- Genre: Mystery film
- Based on: Billie Blessing series by Al Roker
- Written by: Shelley Evans Amber Benson
- Directed by: Terry Ingram Kevin Fair Andy Mikita
- Starring: Holly Robinson Peete Rick Fox Colin Lawrence
- Original language: English
- No. of episodes: 6

Original release
- Network: Hallmark Movies & Mysteries
- Release: January 21, 2018 – May 23, 2021

= Morning Show Mysteries =

Morning Show Mysteries is a series which airs on Hallmark Movies & Mysteries channel. Hallmark announced its first mystery series starring people of color on July 31, 2017. The episodes are based on the Billy Blessing novels by Al Roker. They star Holly Robinson Peete, Rick Fox and Colin Lawrence. The first aired in 2018.

==Series overview==
The theme for the Morning Show Mysteries series centers around a Seattle-based, TV chef Billie Blessings (Robinson Peete) as she becomes involved in various murder criminal investigations, and her relationship with police detective Ian Jackson (Fox) who is in charge of the homicide unit.

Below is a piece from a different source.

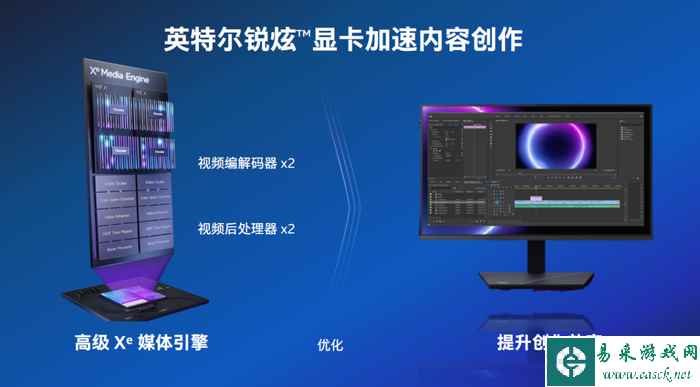 易采游戏网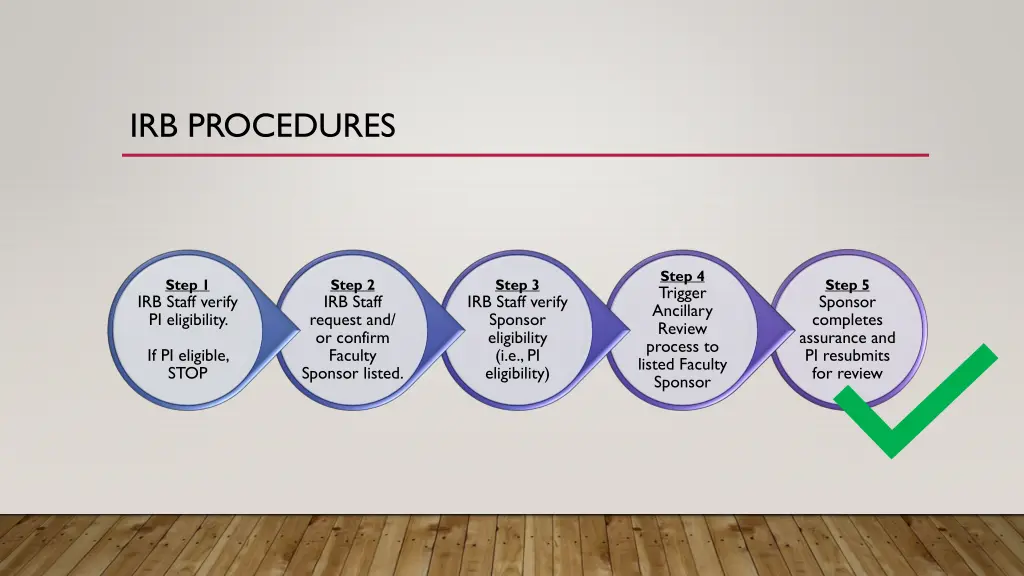 irb procedures 2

As of 2021, Rick Fox left the series and was replaced by Colin Lawrence playing the new head of homicide, Detective Sergeant Tyrell Price.

==Cast and characters==
- Belinda "Billie" Blessings (Holly Robinson Peete) is a chef, restaurant owner, and morning show segment host.
- Ian Jackson (Rick Fox) is a police detective in charge of the homicide unit. (2018–2019)
- Cassandra "Cassie" Shaw (Karen Robinson) is Billie's aunt and manages her restaurant, Blessings Kitchen.
- Maurice (Greg Rogers) is a former convict who now cooks for Blessings Kitchen and has a dog named Feathers.
- Phil (Jesse Moss) is a producer on the morning TV show and often helps Billie investigate the murders.
- Lance (David Lewis) is a co-host on the morning TV show.
- Wallace "Wally (Osric Chau)
- Tyrell Price (Colin Lawrence) is the new head of Homicide after Ian leaves.

== List of episodes ==

| No. | Title | Directed by | Written by | Original release date |
| 1 | "Morning Show Mystery: Mortal Mishaps" | Terry Ingram | Shelley Evans | January 21, 2018 |
Someone bakes a poisoned cake. Rudy gets the cake after Billie shows it in TV Morning Show. He dies in Billie's family restaurant. Billie's being framed. She investigates.
| 2 | "Morning Show Mysteries: Murder on the Menu" | Kevin Fair | Shelley Evans | July 22, 2018 |
When a dead body turns up in the car of one of her guests, a temperamental celebrity chef, Billie Blessings is on the case again.
| 3 | "Morning Show Mysteries: A Murder in Mind" | Kevin Fair | Amber Benson | April 14, 2019 |
Billie Blessings searches for the real killer, when her friend is accused of murder.
| 4 | "Morning Show Mysteries: Countdown to Murder" | Kevin Fair | Shelley Evans | April 21, 2019 |
The murder of a supermarket owner puts TV chef Billie Blessings and Detective Ian Jackson on the trail of a possible serial killer, while they come to terms with their blossoming romance.
| 5 | "Morning Show Mysteries: Death by Design" | Kevin Fair | Amber Benson | April 28, 2019 |
Billie and Ian are on the case after Billie's best friend's twin sister is found strangled to death, with no shortage of suspects at hand.
| 6 | "Morning Show Mysteries: Murder Ever After" | Andy Mikita | Shelley Evans | May 23, 2021 |
Billie finds a corpse in her friend's father's basement, and gets involved in the murder investigation.